Please let me know if there are problems.


Notes on Marx and the Project of Ideology

October 16th, 2011

Today I pulled together some loosely connected thoughts I’ve been sorting out.  I’m working on a print publication–for now things will get posted here.  I’m writing a lot, but mostly I do my editing on People’s Plaza, in the cold, on limited battery power, etc., behind the Teach-In booth.  It’s an experiment.

I’m acutely aware of right-wing polemics, so I always feel like it’s dangerous to mention Marx today. The fact is that Marx theorized extensively about what is going on right now, but at the same time, merely mentioning his name leads us to an ideological trap.
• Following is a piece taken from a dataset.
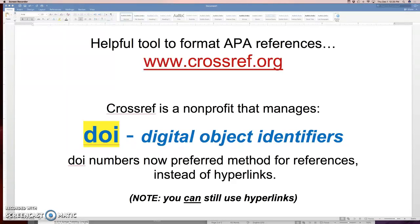So a DOI number will be good forever. And no matter where that article goes on the internet, don't worry about the hyperlink — use the DOI number and it will get you right there. So 10 years from now, 20 years from now, you will be able to access it.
In the popular consciousness, Marx is synonymous with authoritarianism and the Communist State (which is not the same as the theoretical socio-political organization of communism—a distinction most people don’t seem to make). The following is simply a list of points I want to make. Apologies for how they might read or flow together:

Marxism is not an ideology—in fact Marx critiques ideology itself. Marx analyzed the concept of capital, reflecting on its history and future. Part of his importance is that he saw political economy and our social relations as interdependent. Ideology is the system of ideas that mediates how we all work in society as social subjects. To reject Marx completely is to say that political economy is autonomous and that we are free to act as social subjects independently of it. Who can seriously argue that this is true?

Marx’s ideas as a whole are imperfect. To paraphrase Peter Singer, author of Marx: A Very Short Introduction: Marx created a painting of capitalism, not a photograph. There are many aspects to Marxist thought, only one of which is a call for revolution. By no means does that sum up his agenda, nor does the historical outcome of this one facet invalidate everything else he said.
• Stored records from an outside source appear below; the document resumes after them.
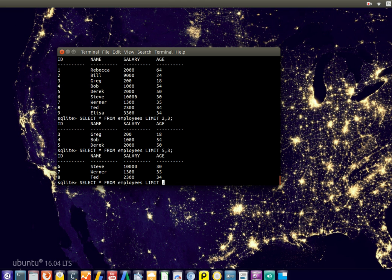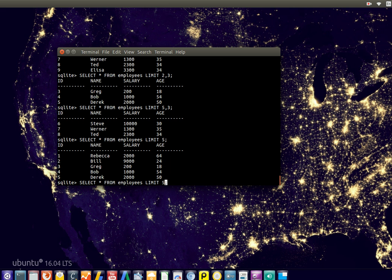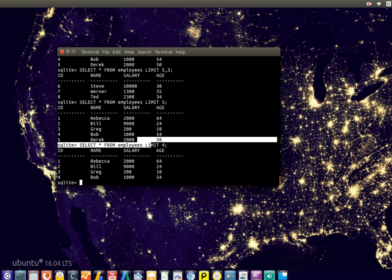And maybe this works as well. So the first five or maybe the first four. So that's what you can do with the limit clause. And it's very useful in that regard. When you have a very large table, you can limit the number of results that you are getting.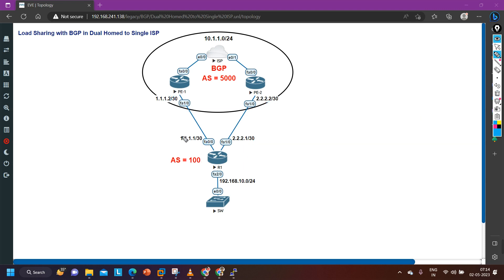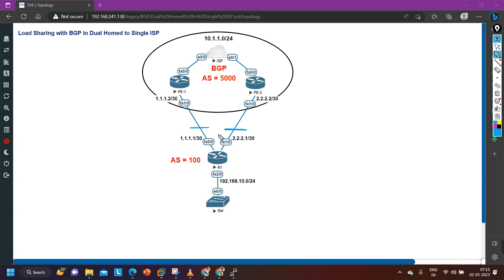But here we cannot achieve load balancing — either we forward all traffic on this link or all traffic on the other link. If you want to achieve load balancing, you configure BGP. In this video I'm going to show you how with BGP we can achieve load balancing and share the load across both links. Also, if you are using BGP between ISP and your edge router, you don't need to configure NAT.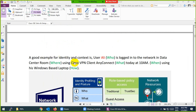A good example for identity and context: suppose a user Ali — who means Ali — is logging into the network at the data center, where he logged in. What he used: VPN client, Cisco AnyConnect. When: 10 AM. How: his Windows-based application. This is called who, where, what, when, and how.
Marx’s thought is centered on the Hegelian concept of humanity’s liberation as the goal of history. He saw that capitalism did not accomplish this, but would in fact lead to more oppression. Thus, communism is not theorized by Marx as a system of oppression, but rather as one holding the potential for freedom.

Our awareness of the mechanics of capitalism is extremely sophisticated today, in part due to Marx’s influence. That is, even those in power think in Marxist terms in order to be better capitalists. Right-wing rhetoric claims that socialized medicine, welfare and other extensions of public funding push us dangerously towards communism. Marx’s claim was that capitalism would gradually lead to class warfare, where the masses would overpower a rich ruling class. The presence of social programs in a capitalist economy makes more sense as a band-aid for the failures of capitalism. It’s absurd that the ruling class would be building towards communism. The essence of communism is common ownership of wealth and the means of production. These things are not given up by the ruling class. What the ruling class can do, however, is create a charitable element within the system to give the illusion of security. To me, the socialist element of our society is a concession to do just this.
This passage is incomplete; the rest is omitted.